U.S. equities are down another 2.0% on Friday, but the Mad Money host says investors should brace for a “powerful” bear market rally in the coming weeks.
Why does Cramer expect a short-term rebound?
According to Jim Cramer, a technical indicator suggests the S&P 500 index around 3,800 level could be up for a short-term rebound. This morning on CNBC’s “Squawk on the Street”, he said:
The advance-decline is up this week. That has not happened in a very long time. So, you have A/D up while averages are down, which is historically the beginning of what could be a very powerful move. This is pretty much day one of a new cycle today.

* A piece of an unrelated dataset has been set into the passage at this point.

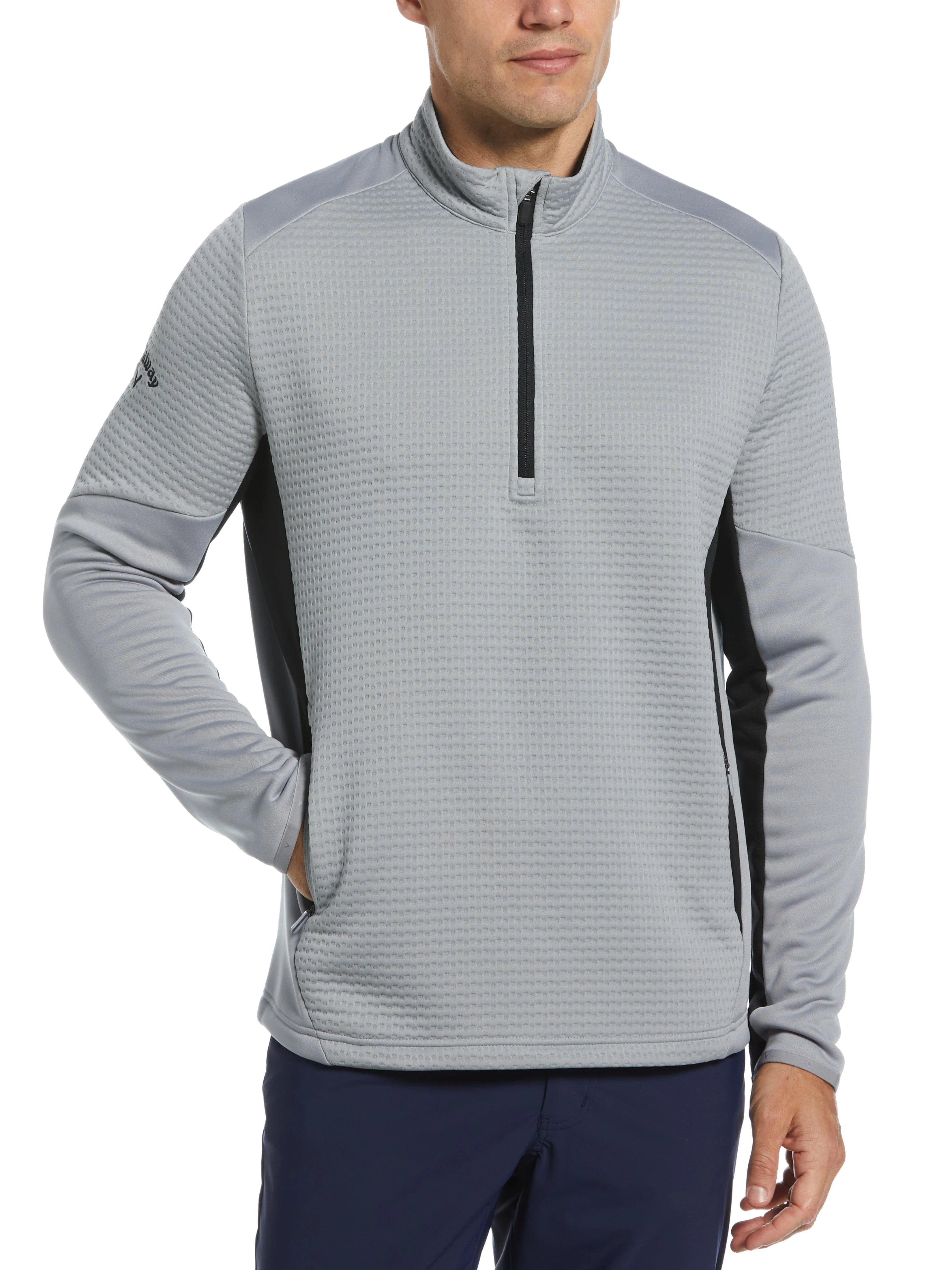 Mens Textured 1/4 Zip Golf Pullover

Amidst the macro headwinds, including inflation and the Ukraine war, Cramer sees defence and the healthcare space as a relatively safe bet for investors at present.
Cramer wants to the Fed to be more aggressive
The influential investor also called for the U.S. Federal Reserve to be more aggressive in its battle against inflation that slid marginally but still stood at a near 40-year high of 8.30% in April. Cramer noted:
When Target and Walmart reported, I was aghast. The amount of inflation in the system that they had to eat is extraordinary. It’s in every aisle. We have to break it, and we have to break it now.
He’s convinced the Wall Street indices are in turmoil right now because the market doesn’t believe the central bank is doing enough to fight inflation. Earlier this week, Fed Chair Jay Powell signalled a 75-bps increase wasn’t being actively considered.